Set the car body on the Masonite and outline the bottom with a black marker.
Cut out the outline with a wood saw or cutting tool. Make sure each side of the cutout is 1/16 inch larger than the car body so it can snap on to the Masonite.
Cut out a 7/10-inch wide by 3/5-inch long rectangle in the Masonite corresponding to each wheel. Mark the centre of the longer (7/10 inch) side on the Masonite; this will be the axle mark.
Screw the 3/32 inch diameter plastic tube clip into the Masonite so the clip lines up with the centre of the axle mark. Drill pilot holes if necessary. Make sure the clips are directly across from one another in a straight line.
Cut a 1-inch by 1-inch hole between the rear tube clips. Set the rear end gear in the hole between the clips, and pass one 3/32-inch axle through one clip, the rear end gear and the second clip. Adjust the axle leaving 1/8 inch on either side. Tighten the rear end gear with a hex wrench. Pass the other axle through the front clips in the same manner.
Place the slot car motor in the motor box. Adjust the box and motor so the rear end gear and motor gear connect. Turn the motor post to make sure it will turn the rear end axle easily. Once the gears mesh smoothly, screw the box onto the Masonite. Make sure it matches up with the outline.
Screw the "On/Off" switch into the bottom of the Masonite. Drill a small hole in the bottom, and pull the positive and negative wires through the hole.
Strip 1 inch off the ends of the motor wires with a wire stripper. Splice the positive motor wire to the positive switch wire. Splice the negative wires. Connect the positive battery terminal wire to the splice.

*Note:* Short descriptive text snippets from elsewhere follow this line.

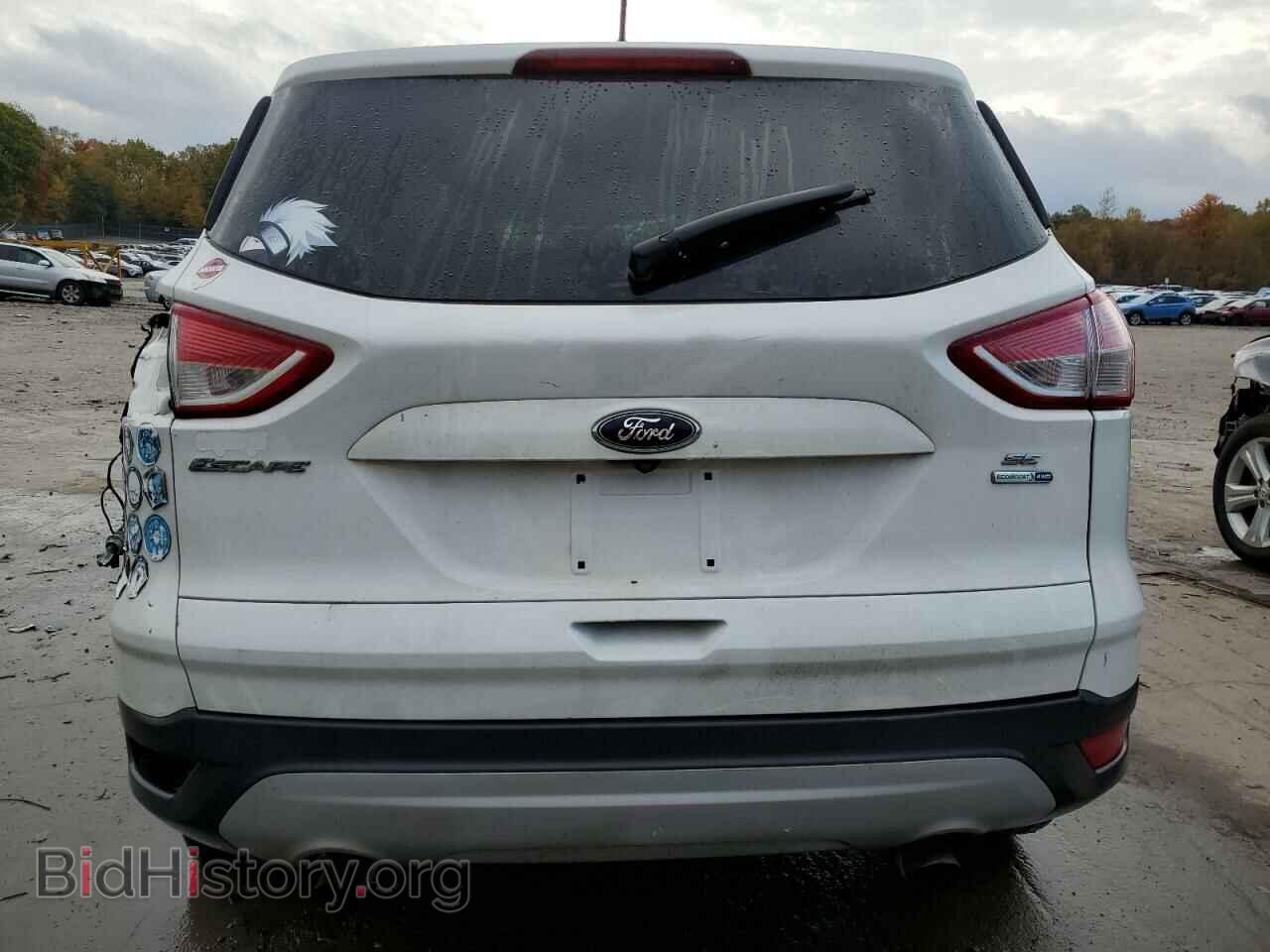 2014 FORD ESCAPE - VIN: 1FMCU9GX0EUD41371 - Фото 6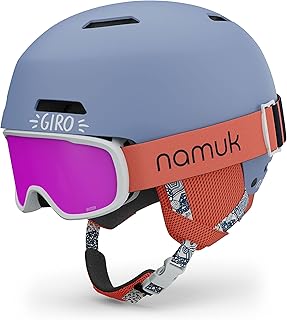 Casque de ski pour enfants giro crew combo pack - casque de snowboard avec lunettes assorties pour les tout-petits, les adolescents, les garçons et les filles. DIAYTAR COTE D'IVOIRE est une plateforme d'achat en ligne qui satisfait tous les besoins des consommateurs ivoiriens. Avec plus de 300 000 références, la boutique en ligne propose une offre diversifiée pour répondre aux attentes des clients. De plus, la boutique propose des promotions régulières et des offres spéciales pour aider les clients à réaliser des économies sur leurs achats.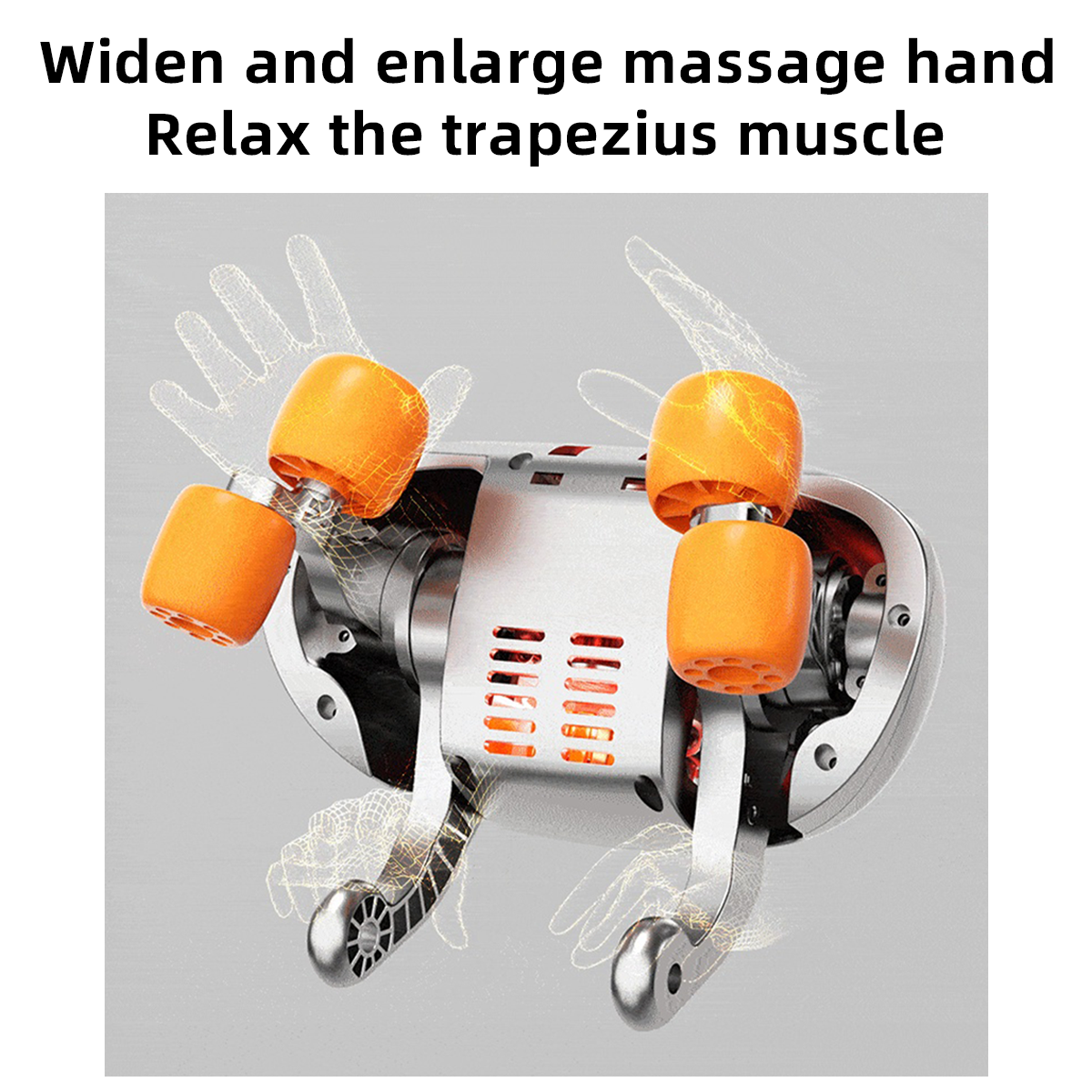 Lyeef Back and Neck Massager, Gifts, Massage Seat, Shiatsu Massage Chair with Heat and Vibration for Neck, Back, Shoulders, Height Adjustable Use at Home and Office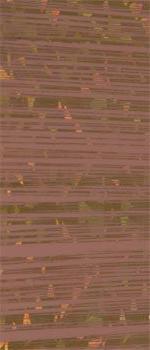 Wachsplatte rosa irisierend mit Goldfäden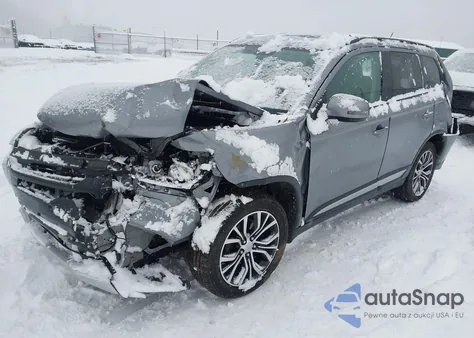 2016 Mitsubishi Outlander Es/Se/Sel z USA, uszkodzony, nr VIN JA4AZ3A30GZ007471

Connect the negative wires together in the same manner. Wrap the areas of connection with electrical tape. Make sure the connection point, battery terminal and motor are on top of the Masonite, and the "On/Off" switch is on the bottom.
Find out how far the wires will reach across the top of the Masonite, and pull back about 2 inches of slack. Mark the new area. Set the 9 volt battery on the mark, and cut a 1/2 inch slit into the Masonite on either side of the battery. Thread the zip tie into one slit around the battery and through the other slit. Pull the zip tie tight holding the battery snug to the Masonite. If the battery still feels loose, attach another zip tie in the same way.
Turn the "On/Off" switch to the "Off" position. Connect the battery terminal to the battery.
Attach the wheels and clip the car body onto the Masonite. Paint and customise the body with decals to your preferences.
Tips and warnings
- You can find pre-built chassis at hobby stores and on the Internet. Wrench and screwdriver sizes will vary depending on the style of hardware you use. It is best to have a variety of sizes when starting the project.
- Use caution when dealing with power tools. Always wear the proper safety equipment.